__Extracted entries__
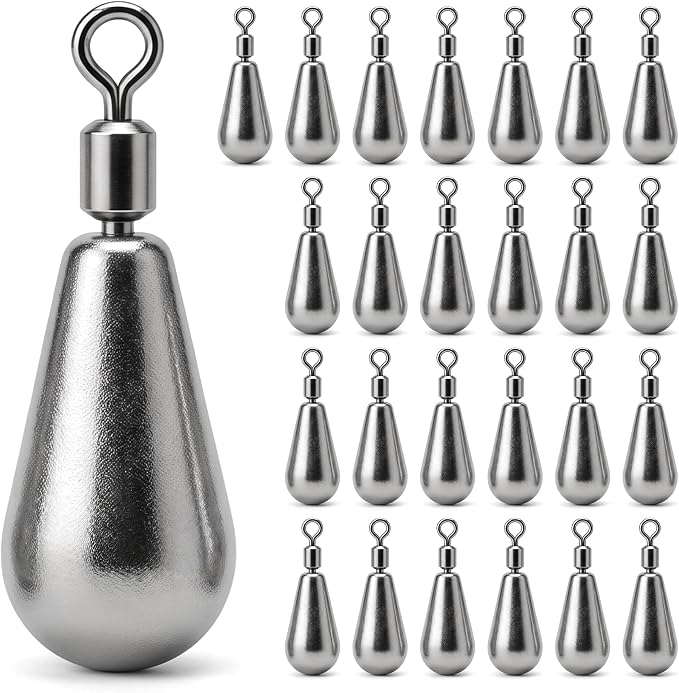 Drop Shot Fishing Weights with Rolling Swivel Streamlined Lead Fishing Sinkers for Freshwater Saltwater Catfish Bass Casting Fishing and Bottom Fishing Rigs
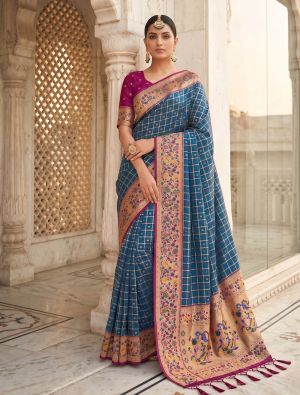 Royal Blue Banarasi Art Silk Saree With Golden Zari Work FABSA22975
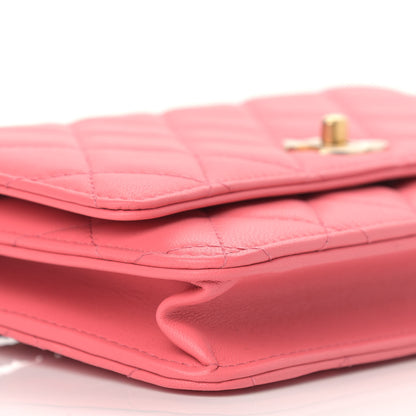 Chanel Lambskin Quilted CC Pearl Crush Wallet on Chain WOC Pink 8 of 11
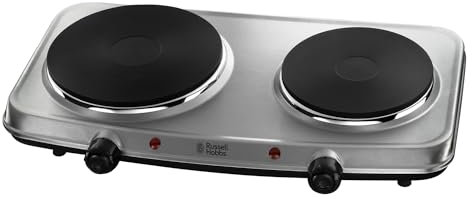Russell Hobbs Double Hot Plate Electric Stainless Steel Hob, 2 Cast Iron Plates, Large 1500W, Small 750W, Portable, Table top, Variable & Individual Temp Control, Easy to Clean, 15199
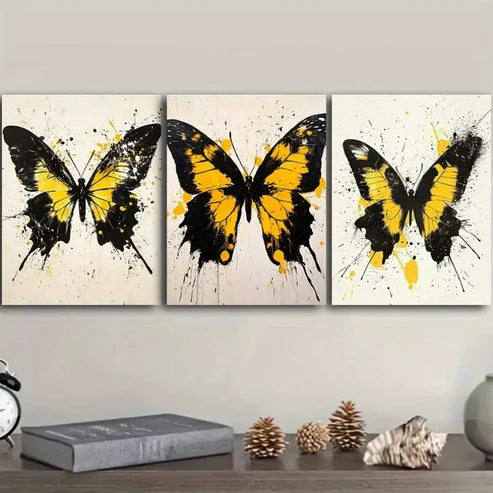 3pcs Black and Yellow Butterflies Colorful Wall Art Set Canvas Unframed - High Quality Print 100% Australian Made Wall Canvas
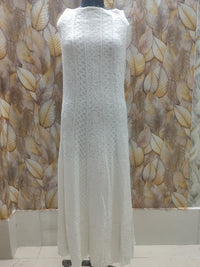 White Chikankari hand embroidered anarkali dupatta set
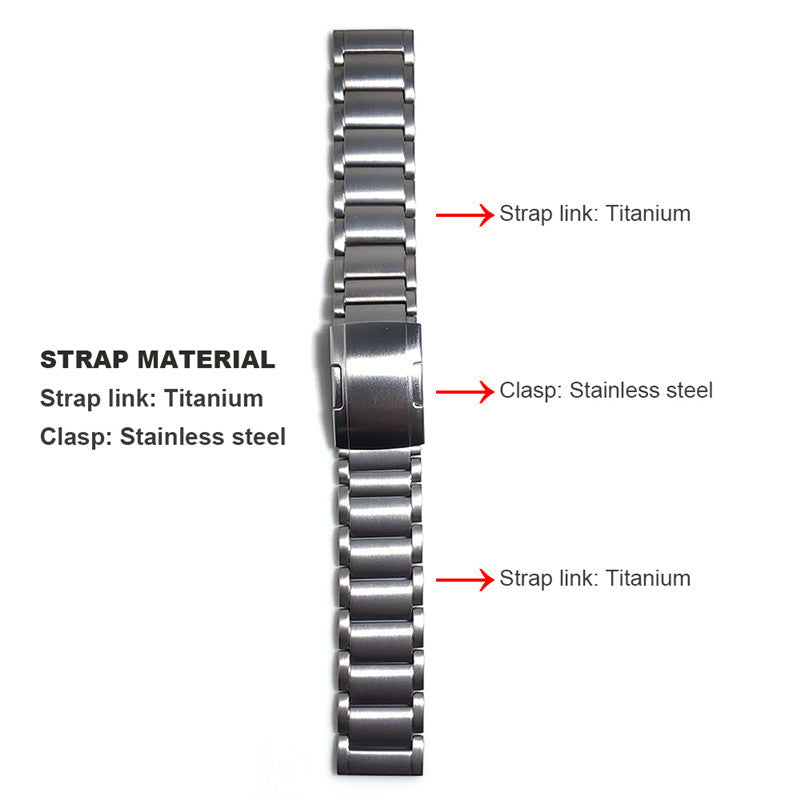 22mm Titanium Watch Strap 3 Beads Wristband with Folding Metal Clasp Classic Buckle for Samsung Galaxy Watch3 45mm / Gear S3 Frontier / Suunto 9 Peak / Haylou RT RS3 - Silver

...

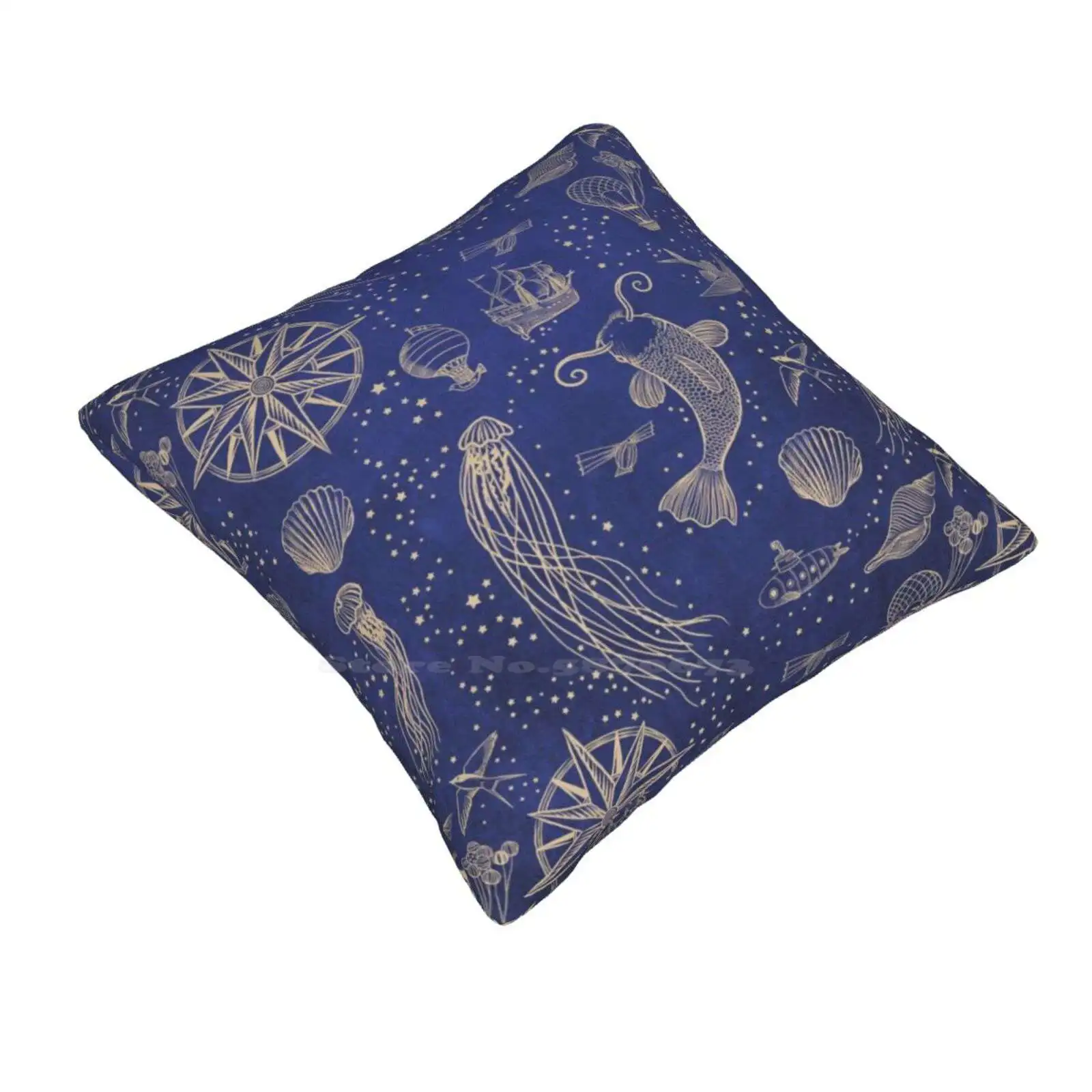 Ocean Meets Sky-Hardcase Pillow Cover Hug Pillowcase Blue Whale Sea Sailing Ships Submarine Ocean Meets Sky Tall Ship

__Try it__
Within the listing above, the stretch from the line with "Drop Shot Fishing" down to the line with "Royal Blue Banarasi" is to be given again exactly, end lines included and pictures excluded.

__Exercise result__
 Drop Shot Fishing Weights with Rolling Swivel Streamlined Lead Fishing Sinkers for Freshwater Saltwater Catfish Bass Casting Fishing and Bottom Fishing Rigs
 Royal Blue Banarasi Art Silk Saree With Golden Zari Work FABSA22975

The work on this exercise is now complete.